La generación de 1928 hizo de la democracia civil y de partidos su mito movilizador en un momento de absoluta oscuridad para la república. Con el sembró una esperanza cierta, sobre la resignación. Y como no se trata de reinventar en falso, cabe no disimular la realidad, que eso lo entendieron los repúblicos de 1958.
Vivimos hoy algo peor que un régimen comunista. Hemos perdido las certezas. La despersonalización es un hábito. Hemos congelado nuestras dignidades haciéndolas inútiles, a la espera de una buena nueva que nos llegue en una cadena de televisión del Estado, por boca de nuestros carceleros de la ciudadanía, llámense Nicolás, apellídense Cabellos.

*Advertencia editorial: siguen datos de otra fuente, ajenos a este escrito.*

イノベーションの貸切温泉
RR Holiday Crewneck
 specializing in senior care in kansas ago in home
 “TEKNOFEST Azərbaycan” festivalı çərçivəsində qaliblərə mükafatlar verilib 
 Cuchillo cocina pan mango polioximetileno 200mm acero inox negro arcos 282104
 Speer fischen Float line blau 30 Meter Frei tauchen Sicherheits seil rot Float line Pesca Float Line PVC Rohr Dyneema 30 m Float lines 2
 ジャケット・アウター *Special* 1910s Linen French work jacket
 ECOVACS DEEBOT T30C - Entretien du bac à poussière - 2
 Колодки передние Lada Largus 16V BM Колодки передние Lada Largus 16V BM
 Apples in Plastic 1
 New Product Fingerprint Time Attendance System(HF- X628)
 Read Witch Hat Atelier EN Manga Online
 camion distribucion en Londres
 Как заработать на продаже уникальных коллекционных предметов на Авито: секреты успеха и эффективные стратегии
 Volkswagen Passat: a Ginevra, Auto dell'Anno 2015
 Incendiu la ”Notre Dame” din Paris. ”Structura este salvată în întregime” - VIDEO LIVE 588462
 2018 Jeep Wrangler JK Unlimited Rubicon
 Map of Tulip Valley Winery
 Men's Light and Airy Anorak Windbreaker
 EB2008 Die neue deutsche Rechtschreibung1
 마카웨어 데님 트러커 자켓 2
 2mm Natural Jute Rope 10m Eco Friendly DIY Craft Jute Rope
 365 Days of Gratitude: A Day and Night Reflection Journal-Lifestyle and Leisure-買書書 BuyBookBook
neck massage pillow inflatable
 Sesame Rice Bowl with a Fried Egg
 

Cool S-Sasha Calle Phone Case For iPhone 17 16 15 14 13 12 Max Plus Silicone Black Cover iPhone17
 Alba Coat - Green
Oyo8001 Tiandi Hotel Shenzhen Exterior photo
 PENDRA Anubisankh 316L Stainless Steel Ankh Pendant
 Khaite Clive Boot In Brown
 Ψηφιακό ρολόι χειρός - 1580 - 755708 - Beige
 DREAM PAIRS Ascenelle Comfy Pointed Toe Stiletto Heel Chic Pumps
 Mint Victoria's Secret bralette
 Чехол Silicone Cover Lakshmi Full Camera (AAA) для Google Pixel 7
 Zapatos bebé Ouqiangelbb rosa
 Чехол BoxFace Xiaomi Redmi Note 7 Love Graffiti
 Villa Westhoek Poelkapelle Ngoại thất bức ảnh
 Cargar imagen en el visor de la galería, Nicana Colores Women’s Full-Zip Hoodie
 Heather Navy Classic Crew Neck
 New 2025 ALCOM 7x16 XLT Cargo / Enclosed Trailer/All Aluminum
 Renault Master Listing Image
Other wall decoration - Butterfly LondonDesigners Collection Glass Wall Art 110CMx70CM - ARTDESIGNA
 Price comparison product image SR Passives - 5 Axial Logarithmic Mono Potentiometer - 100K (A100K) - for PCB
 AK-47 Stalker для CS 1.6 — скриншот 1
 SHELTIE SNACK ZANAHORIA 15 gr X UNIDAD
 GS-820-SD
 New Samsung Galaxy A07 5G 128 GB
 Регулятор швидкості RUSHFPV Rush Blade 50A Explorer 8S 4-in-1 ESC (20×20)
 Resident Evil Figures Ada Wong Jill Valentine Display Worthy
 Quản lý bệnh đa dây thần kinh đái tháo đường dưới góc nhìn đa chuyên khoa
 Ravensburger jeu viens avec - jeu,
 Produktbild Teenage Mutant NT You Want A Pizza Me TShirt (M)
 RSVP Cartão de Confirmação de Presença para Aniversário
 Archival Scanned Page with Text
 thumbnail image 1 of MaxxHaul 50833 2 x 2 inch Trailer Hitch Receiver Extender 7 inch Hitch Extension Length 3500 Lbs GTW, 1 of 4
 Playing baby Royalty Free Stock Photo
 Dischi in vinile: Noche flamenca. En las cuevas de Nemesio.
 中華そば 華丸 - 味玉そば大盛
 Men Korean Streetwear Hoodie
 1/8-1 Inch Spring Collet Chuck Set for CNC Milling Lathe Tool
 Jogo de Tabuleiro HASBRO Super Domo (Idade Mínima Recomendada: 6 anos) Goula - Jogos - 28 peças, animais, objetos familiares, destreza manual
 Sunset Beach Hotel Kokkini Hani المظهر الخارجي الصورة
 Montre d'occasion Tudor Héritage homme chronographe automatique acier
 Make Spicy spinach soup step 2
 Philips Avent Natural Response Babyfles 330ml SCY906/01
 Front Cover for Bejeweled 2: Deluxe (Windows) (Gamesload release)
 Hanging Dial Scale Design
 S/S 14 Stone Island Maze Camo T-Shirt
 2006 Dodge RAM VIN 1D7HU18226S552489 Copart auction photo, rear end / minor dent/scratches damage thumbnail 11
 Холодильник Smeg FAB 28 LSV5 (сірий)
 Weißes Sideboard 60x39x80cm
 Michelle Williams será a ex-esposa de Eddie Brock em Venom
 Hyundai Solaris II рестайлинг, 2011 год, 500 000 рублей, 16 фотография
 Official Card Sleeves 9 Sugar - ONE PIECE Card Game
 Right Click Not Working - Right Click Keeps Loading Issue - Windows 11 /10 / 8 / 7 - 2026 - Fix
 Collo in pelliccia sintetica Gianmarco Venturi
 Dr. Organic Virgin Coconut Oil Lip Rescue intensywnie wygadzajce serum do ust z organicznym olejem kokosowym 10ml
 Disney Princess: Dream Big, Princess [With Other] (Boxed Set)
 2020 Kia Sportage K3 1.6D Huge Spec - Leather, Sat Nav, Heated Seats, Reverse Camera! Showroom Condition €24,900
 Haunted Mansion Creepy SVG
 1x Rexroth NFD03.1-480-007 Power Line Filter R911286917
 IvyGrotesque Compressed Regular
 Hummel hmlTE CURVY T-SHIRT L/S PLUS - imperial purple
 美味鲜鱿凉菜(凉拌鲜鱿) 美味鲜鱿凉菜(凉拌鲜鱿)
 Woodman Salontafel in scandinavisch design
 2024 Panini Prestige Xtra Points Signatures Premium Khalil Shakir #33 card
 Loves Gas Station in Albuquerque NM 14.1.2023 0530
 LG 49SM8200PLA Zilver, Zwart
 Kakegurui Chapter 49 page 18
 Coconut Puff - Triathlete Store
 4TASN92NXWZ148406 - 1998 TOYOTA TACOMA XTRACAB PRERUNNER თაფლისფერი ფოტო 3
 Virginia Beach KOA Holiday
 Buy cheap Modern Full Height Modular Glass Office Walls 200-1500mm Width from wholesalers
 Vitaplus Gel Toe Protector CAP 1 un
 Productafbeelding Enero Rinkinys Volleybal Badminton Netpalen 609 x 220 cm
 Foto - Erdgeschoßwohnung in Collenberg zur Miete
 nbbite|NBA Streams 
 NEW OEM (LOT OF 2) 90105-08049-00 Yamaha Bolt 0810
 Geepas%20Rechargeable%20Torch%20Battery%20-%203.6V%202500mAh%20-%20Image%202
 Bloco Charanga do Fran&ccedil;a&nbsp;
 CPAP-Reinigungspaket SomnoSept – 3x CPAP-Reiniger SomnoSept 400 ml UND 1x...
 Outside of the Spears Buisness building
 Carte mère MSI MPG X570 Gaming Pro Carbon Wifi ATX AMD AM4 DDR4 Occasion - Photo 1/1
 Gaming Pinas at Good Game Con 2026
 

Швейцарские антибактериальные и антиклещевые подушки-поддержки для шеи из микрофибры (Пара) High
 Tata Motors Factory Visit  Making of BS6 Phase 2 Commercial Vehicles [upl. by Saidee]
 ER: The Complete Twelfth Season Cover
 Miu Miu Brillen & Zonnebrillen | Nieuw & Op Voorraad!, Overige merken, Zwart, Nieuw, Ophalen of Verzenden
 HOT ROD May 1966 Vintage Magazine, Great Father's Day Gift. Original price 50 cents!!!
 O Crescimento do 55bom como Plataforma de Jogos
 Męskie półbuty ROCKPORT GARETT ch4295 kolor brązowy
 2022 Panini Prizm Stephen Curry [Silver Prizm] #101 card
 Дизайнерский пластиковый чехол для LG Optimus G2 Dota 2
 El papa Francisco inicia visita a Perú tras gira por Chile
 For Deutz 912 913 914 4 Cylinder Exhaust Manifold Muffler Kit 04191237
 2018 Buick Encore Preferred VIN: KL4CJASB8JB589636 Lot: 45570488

El título de la obra de Juan Miguel, Ganar la República civil, plantea un verdadero desafío. Es una interpelación a la conciencia de esa ciudadanía que ha dejado de ser o acaso medra prisionera en la cárcel del Estado y que, en el momento mismo en que el Estado o la organización pública agoniza y hasta quiebra moralmente por circunstancias que nos son propias y también ajenas, opta por volverse amasijo de desheredados guiados por el instinto animal de la supervivencia. De allí que el reclamo de Matheus, quien aspira ser diputado, a la par de ser – uso las palabras de Papa Francisco – un llamado para que hagamos memoria de nuestras raíces, captemos la realidad de presente sin destilarla, y tengamos coraje ante el futuro, encuentre como su sede a la Valencia constitucional.
Valencia es ciudad constitucional. Es el asiento de privilegio en el que se refugia el último vestigio de nuestra república civil a su caída en 1812. En ella adquiere fisonomía propia la República de Venezuela en 1830, al término de la Gran Colombia, y se hace civil y liberal a manos, extrañamente, de un hombre de uniforme, José Antonio Páez. Y es Valencia, luego, la partera de la Constitución de 1858, que nace sobre las cenizas de la deriva pretoriana de los hermanos Monagas; cuya dinastía le tuerce otra vez el rumbo a la Venezuela civil y prosterna la moral y las luces. Cierra con sangre al parlamento, no lo olvidemos, antes de que ahora el Teniente Cabello use a sus huestes para golpear a mujeres parlamentarias y dirija la asamblea como un pelotón de soldados eunucos.
Ganar la República civil es entonces un llamado a la tarea concertada como en los conciertos, bajo diálogo musical y armónico e indelegable; tarea de la que nadie puede zafarse a menos que, como lo dice Matheus, carezca de “piedad patriótica”.
No basta, sin embargo, el voluntarismo. Es indispensable realizar una labor de enaltecimiento de la política, posible cuando se afinca en una narrativa moral compartida, en una cosmovisión que al tener como propósito el rescate de la “unión de los afectos” perdidos y que le dan consistencia a la idea de la patria – vuelvo al pensamiento del entonces Cardenal Bergoglio – nos permita a los venezolanos recuperar la memoria: “Un pueblo que no tiene memoria de sus raíces y que vive importando programas de supervivencia” pierde su identidad; a la vez se atomiza y fragmenta por incapaz de comprender su propia realidad, viéndose obligado a la huida del compromiso, a su instalación en el centro para alcanzar la quietud que no le llega, y jugar a las medianías, al sincretismo de laboratorio, perdiendo el coraje ante el futuro y haciéndose, de suyo, “sumiso de los poderes de turno”. Se vuelve el pueblo, así, amasijo inerte, sin creatividad ni diversidad.
Pero 6 de diciembre, como lo veo, será un punto de quiebre para la barbarie. Los Santos Luzardo inundarán nuestra maltratada geografía.